Designing optimal local-AI hardware is genuinely hard.
Picking the right machine to run a model locally is a cross-domain engineering problem most people — and most teams — don't have the right engineer for.
Everything is coupled
Model size and quantization set memory bandwidth; bandwidth and power set the silicon; silicon sets the heat; heat sets the chassis and cooling; the chassis sets the form factor and the cost. Pull one dial and the rest move.
Spec sheets aren't a design
A parts list isn't a system. The hard part is reconciling thermals, power, throughput, and budget at once — and proving the result actually holds under load before you spend a dollar.
Agents do the cross-domain engineering for you.
Outfra turns a plain-language spec into a validated, buildable system. The agents reason across every domain at once, so the design that comes out is internally consistent — not a wishlist.
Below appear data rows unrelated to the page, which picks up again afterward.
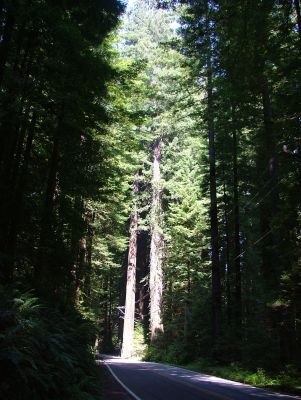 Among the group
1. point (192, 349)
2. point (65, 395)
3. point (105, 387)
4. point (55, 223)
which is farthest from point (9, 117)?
point (192, 349)

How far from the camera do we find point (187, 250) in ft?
99.6

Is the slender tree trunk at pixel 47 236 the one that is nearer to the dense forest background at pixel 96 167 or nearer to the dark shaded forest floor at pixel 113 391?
the dense forest background at pixel 96 167

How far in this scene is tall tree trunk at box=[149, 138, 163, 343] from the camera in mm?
32062

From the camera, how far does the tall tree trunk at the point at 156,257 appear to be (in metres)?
32.1

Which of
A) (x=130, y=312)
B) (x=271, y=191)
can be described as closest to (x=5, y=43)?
(x=271, y=191)

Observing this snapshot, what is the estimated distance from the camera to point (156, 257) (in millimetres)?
33562

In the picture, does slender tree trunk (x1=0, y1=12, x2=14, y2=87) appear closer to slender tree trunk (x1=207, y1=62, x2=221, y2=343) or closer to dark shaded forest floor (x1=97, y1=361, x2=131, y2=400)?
dark shaded forest floor (x1=97, y1=361, x2=131, y2=400)

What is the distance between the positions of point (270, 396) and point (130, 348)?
2459 centimetres

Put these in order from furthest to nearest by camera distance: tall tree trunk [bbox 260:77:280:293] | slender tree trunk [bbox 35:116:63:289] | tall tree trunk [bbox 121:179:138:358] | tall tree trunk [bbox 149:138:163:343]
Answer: tall tree trunk [bbox 121:179:138:358], tall tree trunk [bbox 149:138:163:343], tall tree trunk [bbox 260:77:280:293], slender tree trunk [bbox 35:116:63:289]

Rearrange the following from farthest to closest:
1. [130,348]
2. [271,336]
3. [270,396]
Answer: [130,348], [271,336], [270,396]

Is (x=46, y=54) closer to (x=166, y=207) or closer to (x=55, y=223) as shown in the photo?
(x=55, y=223)

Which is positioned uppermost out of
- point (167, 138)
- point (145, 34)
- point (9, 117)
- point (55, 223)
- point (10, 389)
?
point (145, 34)

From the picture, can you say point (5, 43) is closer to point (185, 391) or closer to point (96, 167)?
point (96, 167)

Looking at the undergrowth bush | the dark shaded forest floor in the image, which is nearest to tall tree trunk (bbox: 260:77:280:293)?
the dark shaded forest floor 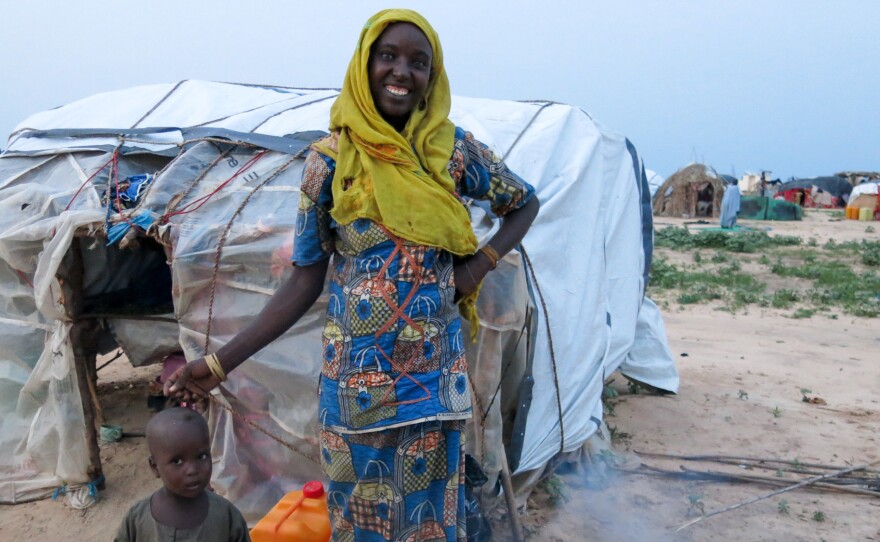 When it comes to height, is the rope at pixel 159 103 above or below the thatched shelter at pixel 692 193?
above

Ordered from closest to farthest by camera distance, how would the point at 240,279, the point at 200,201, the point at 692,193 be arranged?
the point at 240,279 < the point at 200,201 < the point at 692,193

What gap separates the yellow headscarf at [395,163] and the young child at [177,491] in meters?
0.67

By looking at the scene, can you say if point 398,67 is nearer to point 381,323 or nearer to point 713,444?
point 381,323

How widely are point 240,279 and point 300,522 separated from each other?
43.1 inches

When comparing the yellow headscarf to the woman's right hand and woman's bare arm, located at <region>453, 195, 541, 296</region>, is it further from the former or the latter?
the woman's right hand

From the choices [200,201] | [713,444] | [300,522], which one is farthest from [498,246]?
[713,444]

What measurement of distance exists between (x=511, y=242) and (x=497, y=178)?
0.62 feet

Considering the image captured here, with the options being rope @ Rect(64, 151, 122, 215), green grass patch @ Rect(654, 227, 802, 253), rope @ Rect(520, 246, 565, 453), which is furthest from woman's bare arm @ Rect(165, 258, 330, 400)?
green grass patch @ Rect(654, 227, 802, 253)

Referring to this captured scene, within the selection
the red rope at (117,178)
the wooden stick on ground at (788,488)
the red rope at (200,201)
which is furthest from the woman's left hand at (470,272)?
the wooden stick on ground at (788,488)

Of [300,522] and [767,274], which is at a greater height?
[300,522]

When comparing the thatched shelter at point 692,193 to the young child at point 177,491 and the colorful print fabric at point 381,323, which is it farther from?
the young child at point 177,491

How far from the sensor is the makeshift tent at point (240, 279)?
303cm

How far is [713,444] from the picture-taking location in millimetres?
4301

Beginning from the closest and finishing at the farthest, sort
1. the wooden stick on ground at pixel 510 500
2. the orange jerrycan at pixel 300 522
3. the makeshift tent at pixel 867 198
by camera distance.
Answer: the orange jerrycan at pixel 300 522 → the wooden stick on ground at pixel 510 500 → the makeshift tent at pixel 867 198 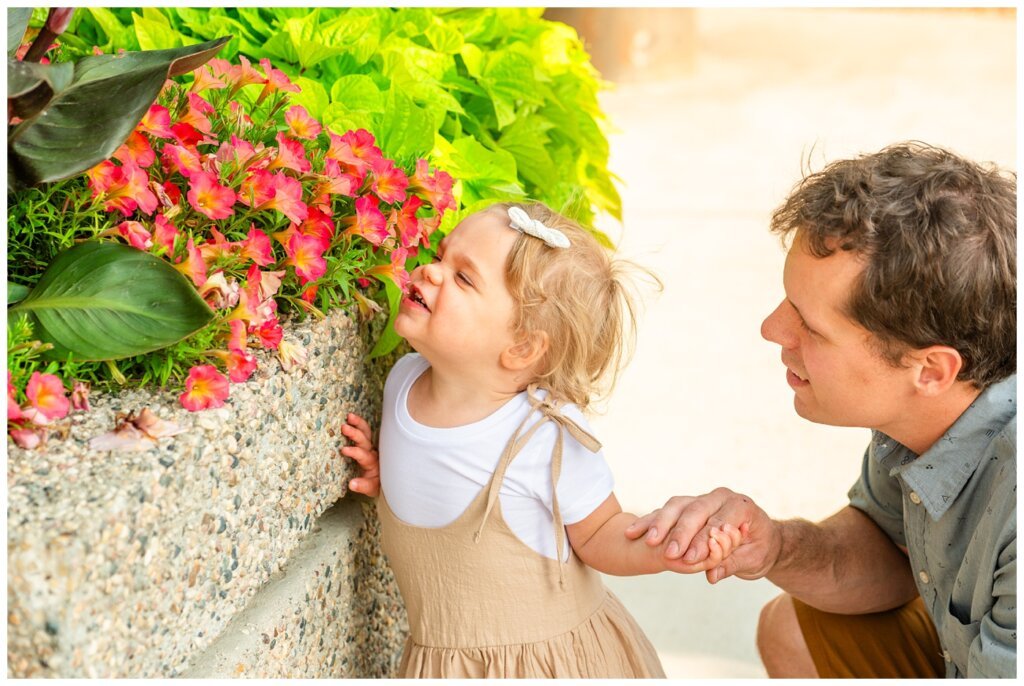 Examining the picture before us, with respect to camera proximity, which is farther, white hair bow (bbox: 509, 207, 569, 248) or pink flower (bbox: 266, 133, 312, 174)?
white hair bow (bbox: 509, 207, 569, 248)

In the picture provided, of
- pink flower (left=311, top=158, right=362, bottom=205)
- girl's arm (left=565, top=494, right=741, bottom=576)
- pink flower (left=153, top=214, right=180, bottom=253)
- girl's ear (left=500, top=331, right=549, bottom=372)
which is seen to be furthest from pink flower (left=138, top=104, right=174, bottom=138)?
girl's arm (left=565, top=494, right=741, bottom=576)

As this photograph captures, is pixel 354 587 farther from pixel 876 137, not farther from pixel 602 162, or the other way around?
pixel 876 137

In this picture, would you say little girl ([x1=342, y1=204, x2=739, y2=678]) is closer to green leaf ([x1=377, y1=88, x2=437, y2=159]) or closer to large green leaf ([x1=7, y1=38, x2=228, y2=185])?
green leaf ([x1=377, y1=88, x2=437, y2=159])

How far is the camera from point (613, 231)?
4887 mm

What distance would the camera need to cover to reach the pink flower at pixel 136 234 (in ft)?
3.86

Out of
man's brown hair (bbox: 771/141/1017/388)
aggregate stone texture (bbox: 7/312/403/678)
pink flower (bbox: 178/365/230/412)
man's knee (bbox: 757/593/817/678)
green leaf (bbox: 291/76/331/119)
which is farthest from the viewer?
man's knee (bbox: 757/593/817/678)

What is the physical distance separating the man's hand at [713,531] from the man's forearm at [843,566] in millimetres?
69

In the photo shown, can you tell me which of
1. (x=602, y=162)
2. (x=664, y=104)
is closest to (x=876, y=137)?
(x=664, y=104)

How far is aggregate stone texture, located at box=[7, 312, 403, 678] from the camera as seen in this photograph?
938 millimetres

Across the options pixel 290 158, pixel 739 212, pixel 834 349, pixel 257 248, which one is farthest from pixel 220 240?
pixel 739 212

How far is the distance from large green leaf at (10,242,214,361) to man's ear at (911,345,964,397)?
91cm

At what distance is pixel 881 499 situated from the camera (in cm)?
179

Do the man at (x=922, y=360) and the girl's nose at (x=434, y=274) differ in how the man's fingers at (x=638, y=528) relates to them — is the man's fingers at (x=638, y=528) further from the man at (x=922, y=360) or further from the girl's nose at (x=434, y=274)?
the girl's nose at (x=434, y=274)

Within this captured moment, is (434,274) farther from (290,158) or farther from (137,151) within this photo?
(137,151) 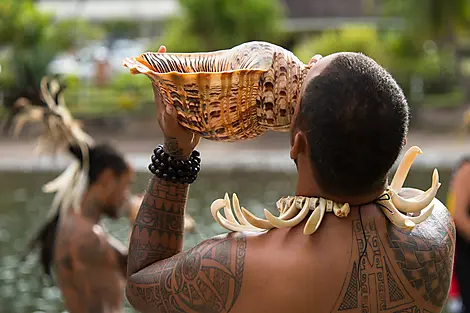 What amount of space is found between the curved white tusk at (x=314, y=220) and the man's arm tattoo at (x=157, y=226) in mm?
341

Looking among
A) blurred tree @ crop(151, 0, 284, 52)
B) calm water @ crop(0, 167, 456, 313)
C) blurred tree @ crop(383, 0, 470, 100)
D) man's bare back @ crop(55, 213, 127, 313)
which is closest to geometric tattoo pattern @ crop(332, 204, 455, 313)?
man's bare back @ crop(55, 213, 127, 313)

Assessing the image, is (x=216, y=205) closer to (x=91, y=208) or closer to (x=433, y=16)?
(x=91, y=208)

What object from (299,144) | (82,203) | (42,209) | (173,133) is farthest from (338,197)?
(42,209)

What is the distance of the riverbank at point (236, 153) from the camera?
14.1 meters

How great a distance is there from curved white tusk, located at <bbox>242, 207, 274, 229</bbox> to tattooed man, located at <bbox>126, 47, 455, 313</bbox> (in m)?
0.02

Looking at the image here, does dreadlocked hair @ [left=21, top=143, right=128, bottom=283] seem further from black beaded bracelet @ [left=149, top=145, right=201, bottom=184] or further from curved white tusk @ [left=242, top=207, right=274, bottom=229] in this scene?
curved white tusk @ [left=242, top=207, right=274, bottom=229]

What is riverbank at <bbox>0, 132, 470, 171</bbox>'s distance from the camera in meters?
14.1

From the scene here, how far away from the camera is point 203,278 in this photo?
5.13 ft

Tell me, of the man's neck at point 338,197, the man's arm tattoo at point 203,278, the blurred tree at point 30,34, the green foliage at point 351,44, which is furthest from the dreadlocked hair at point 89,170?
the green foliage at point 351,44

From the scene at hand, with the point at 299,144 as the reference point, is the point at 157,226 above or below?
below

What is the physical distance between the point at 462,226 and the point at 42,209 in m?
7.85

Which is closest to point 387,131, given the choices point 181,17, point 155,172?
point 155,172

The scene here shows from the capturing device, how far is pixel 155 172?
1.74 m

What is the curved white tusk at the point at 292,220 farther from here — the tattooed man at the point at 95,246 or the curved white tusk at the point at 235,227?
the tattooed man at the point at 95,246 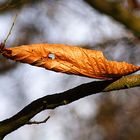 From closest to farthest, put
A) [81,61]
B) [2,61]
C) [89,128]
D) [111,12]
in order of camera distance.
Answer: [81,61] < [111,12] < [2,61] < [89,128]

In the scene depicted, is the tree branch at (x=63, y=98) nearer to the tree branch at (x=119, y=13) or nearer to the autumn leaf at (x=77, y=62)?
the autumn leaf at (x=77, y=62)

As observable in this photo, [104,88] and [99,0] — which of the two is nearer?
[104,88]

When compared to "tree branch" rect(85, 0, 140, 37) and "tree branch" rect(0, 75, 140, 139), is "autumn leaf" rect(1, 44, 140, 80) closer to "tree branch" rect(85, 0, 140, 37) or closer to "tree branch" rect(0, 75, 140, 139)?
"tree branch" rect(0, 75, 140, 139)

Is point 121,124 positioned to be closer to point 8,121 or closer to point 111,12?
point 111,12

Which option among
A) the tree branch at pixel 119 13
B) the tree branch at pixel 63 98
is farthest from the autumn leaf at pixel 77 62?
the tree branch at pixel 119 13

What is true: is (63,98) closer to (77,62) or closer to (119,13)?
(77,62)

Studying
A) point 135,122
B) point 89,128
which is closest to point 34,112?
point 135,122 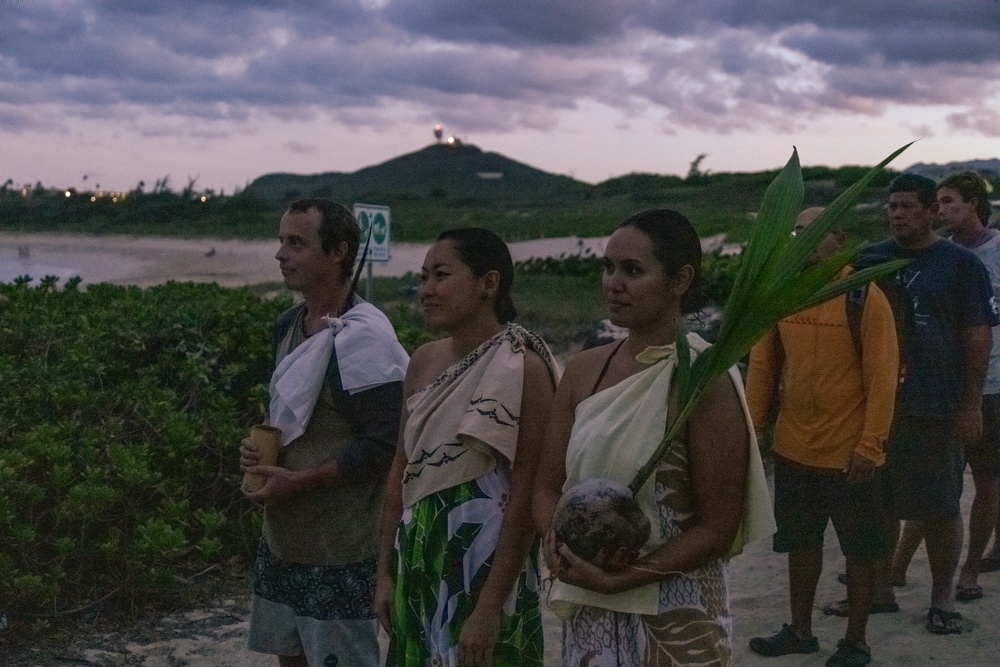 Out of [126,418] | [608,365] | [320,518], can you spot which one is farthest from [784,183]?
A: [126,418]

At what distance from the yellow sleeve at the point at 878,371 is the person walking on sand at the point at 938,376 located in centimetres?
52

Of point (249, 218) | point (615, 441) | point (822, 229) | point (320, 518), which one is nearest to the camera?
point (822, 229)

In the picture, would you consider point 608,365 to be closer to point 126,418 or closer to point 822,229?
point 822,229

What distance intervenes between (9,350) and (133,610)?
2633 millimetres

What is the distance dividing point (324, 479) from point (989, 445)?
11.7ft

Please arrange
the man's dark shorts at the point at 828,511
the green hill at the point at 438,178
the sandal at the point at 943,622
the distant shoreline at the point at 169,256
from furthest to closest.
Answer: the green hill at the point at 438,178
the distant shoreline at the point at 169,256
the sandal at the point at 943,622
the man's dark shorts at the point at 828,511

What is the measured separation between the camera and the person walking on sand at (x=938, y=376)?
454 cm

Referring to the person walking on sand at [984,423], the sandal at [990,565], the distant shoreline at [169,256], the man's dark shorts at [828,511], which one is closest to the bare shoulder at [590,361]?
the man's dark shorts at [828,511]

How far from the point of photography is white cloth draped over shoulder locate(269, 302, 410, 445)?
306 cm

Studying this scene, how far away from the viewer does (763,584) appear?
571 centimetres

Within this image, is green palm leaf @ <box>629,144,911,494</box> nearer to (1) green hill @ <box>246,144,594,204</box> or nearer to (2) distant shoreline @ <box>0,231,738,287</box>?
(2) distant shoreline @ <box>0,231,738,287</box>

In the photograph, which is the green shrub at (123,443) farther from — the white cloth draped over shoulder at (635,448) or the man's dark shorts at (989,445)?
the man's dark shorts at (989,445)

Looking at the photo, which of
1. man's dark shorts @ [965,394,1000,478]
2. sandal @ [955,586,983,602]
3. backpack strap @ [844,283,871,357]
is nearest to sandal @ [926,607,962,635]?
sandal @ [955,586,983,602]

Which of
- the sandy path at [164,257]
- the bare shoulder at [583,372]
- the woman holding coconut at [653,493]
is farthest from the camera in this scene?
the sandy path at [164,257] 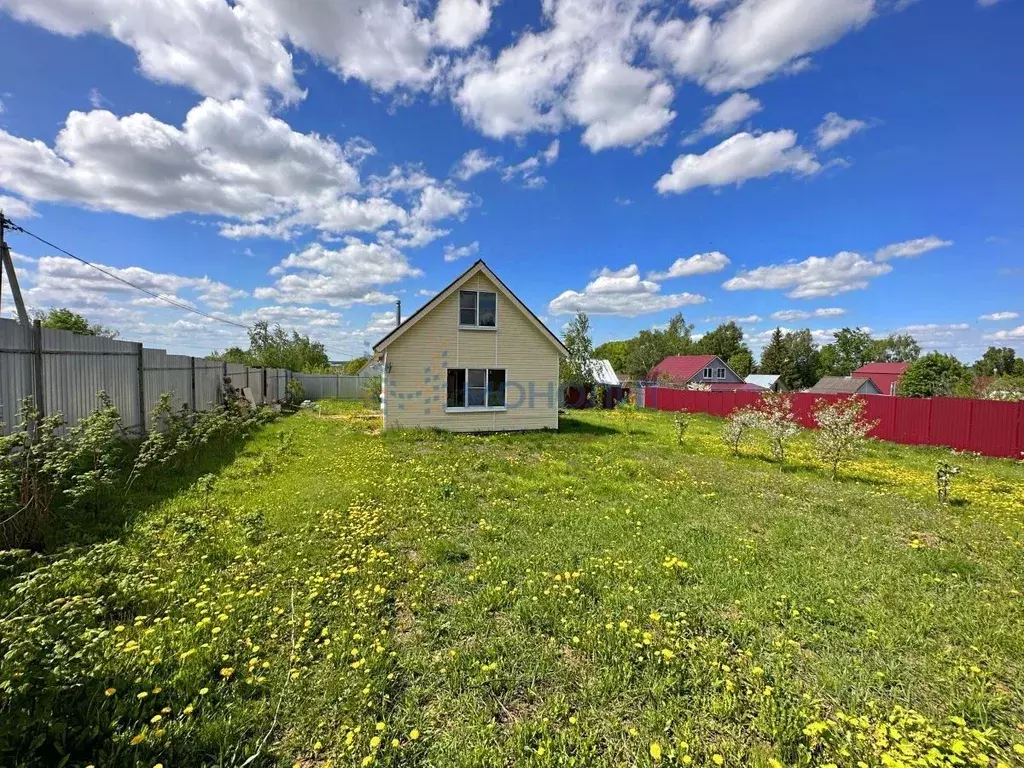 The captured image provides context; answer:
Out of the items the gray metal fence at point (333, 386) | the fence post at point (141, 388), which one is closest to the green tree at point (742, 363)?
the gray metal fence at point (333, 386)

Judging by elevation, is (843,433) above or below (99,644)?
above

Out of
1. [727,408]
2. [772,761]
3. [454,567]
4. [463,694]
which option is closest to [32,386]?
[454,567]

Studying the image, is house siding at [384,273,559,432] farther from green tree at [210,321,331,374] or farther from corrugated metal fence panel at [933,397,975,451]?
green tree at [210,321,331,374]

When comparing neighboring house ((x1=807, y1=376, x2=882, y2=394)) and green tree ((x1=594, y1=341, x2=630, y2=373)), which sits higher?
green tree ((x1=594, y1=341, x2=630, y2=373))

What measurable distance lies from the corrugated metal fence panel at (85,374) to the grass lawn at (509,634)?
2.96m

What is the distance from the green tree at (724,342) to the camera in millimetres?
71188

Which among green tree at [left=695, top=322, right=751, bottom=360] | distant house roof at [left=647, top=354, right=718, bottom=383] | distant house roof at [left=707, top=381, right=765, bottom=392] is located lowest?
distant house roof at [left=707, top=381, right=765, bottom=392]

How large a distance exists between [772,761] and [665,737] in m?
0.56

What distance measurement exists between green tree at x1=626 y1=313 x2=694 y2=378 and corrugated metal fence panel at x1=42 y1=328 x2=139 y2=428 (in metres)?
64.9

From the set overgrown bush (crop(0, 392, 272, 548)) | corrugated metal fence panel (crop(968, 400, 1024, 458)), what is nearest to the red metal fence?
corrugated metal fence panel (crop(968, 400, 1024, 458))

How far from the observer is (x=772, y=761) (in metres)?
2.42

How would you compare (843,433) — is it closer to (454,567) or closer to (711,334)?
(454,567)

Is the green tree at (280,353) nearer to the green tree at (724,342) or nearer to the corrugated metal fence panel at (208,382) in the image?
the corrugated metal fence panel at (208,382)

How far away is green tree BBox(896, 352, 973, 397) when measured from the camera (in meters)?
35.6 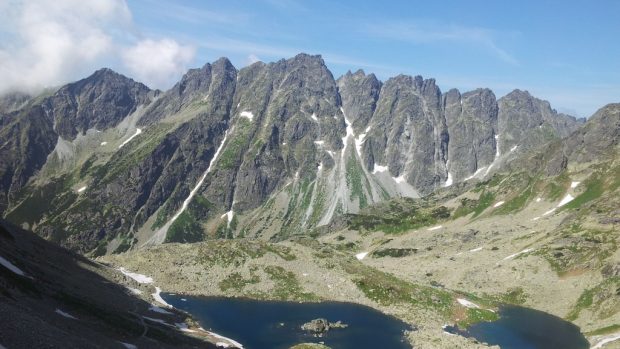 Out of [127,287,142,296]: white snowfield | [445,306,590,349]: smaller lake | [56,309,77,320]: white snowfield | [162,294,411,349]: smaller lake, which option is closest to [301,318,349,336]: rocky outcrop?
[162,294,411,349]: smaller lake

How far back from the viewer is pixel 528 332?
122750 millimetres

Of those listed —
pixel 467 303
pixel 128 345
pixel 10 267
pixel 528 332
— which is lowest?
pixel 528 332

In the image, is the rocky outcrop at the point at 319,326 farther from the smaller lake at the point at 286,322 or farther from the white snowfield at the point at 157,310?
the white snowfield at the point at 157,310

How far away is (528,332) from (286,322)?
58.4 metres

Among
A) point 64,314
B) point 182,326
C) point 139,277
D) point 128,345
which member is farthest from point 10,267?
point 139,277

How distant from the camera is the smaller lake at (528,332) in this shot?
112562 mm

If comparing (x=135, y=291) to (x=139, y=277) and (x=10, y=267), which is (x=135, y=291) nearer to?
(x=139, y=277)

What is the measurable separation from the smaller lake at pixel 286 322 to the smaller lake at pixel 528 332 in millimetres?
17432

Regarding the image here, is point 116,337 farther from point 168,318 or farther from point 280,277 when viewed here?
point 280,277

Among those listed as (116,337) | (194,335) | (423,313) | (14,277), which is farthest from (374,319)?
(14,277)

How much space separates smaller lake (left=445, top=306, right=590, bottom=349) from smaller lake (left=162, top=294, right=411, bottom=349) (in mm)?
17432

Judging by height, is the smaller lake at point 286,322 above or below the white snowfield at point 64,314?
below

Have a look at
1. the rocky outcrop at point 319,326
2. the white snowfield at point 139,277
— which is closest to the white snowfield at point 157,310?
the rocky outcrop at point 319,326

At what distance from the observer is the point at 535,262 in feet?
545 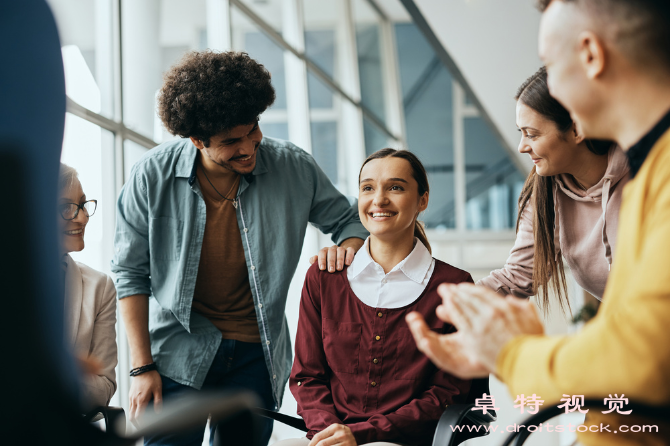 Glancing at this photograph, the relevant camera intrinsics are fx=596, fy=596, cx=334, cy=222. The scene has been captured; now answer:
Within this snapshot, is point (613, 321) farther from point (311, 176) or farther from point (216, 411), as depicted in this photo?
point (311, 176)

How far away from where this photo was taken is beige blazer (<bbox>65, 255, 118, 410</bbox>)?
1.76 meters

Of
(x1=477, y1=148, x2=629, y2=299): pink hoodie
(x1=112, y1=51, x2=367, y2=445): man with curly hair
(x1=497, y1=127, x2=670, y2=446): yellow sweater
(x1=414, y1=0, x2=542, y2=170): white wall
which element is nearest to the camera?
(x1=497, y1=127, x2=670, y2=446): yellow sweater

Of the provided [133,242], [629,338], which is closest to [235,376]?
[133,242]

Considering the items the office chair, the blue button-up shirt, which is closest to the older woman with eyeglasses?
the blue button-up shirt

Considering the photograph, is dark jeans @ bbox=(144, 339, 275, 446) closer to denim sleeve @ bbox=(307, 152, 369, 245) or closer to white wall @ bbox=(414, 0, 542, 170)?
denim sleeve @ bbox=(307, 152, 369, 245)

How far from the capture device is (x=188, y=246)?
6.45 ft

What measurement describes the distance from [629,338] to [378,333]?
3.59 feet

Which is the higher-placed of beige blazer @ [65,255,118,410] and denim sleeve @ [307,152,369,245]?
denim sleeve @ [307,152,369,245]

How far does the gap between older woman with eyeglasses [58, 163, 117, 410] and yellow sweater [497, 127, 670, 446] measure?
1351 mm

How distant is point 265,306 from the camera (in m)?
1.99

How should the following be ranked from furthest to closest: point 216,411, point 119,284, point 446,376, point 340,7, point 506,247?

You set the constraints — workload, budget, power envelope, form factor, environment. The factory resolves them into hard numbers, lays out the system, generates parametric CAD and a rationale-backed bill of materials, then runs thermal simulation to confirm it survives burst and sustained load. The output is a complete machine you could build today.
Spec to buildable system, in four moves
Spec
Describe the use-case and budget in plain language — e.g. "run a 7B model in a field briefcase under 60W."
Constraints
Agents convert the spec into hard limits: memory bandwidth, power envelope, thermal headroom, noise, and cost.
CAD · BOM · Thermal
A layout is solved, parametric CAD is emitted, and every part on the BOM carries its reasoning.
Validate
Thermal sim and operating-mode envelopes confirm the system holds — before a single part is ordered.
The best hardware for your budget — then built.
Today the factory hands you a validated design. The roadmap closes the loop from design to a box on your bench.
Design. A complete, validated system for your use-case and budget: CAD, rationale-backed BOM, and thermal simulation you can read and trust.
Source. The factory sources the parts — turning the bill of materials into a procurement-ready, in-stock kit.
Fabricate. The factory manufactures and assembles the machine, so you go from a use-case to a finished, validated PC end to end.